BEGIN EXERCISE DATA

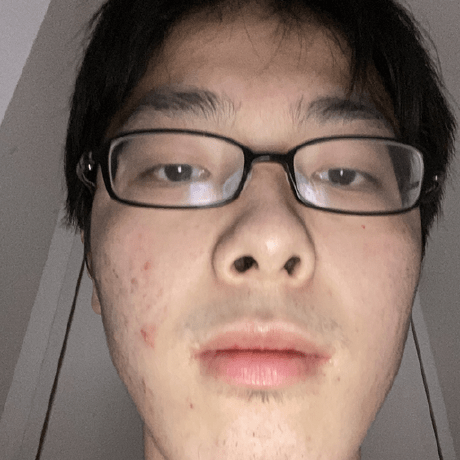 Junfenggaolab Gai Github - HD Dark Photos for Desktop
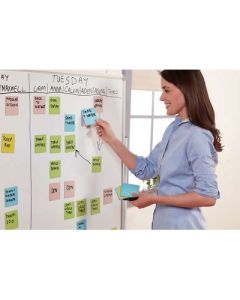 Mag-Notes (pack of 40)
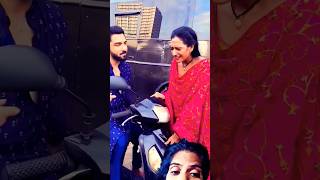 Ye Kya Ho gya  Bhagya Lakshmi Serial Today Episode New Promo Offscreen Masti [upl. by Ailaro]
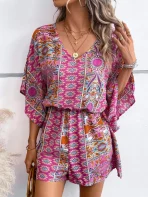 sz2305254266266799_03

END EXERCISE DATA

§ WHAT IS BEING ASKED: Write out all the material verbatim, images excluded.

§ RESPONSE TO THIS EXERCISE:
 Junfenggaolab Gai Github - HD Dark Photos for Desktop
 Mag-Notes (pack of 40)
 Ye Kya Ho gya  Bhagya Lakshmi Serial Today Episode New Promo Offscreen Masti [upl. by Ailaro]
 sz2305254266266799_03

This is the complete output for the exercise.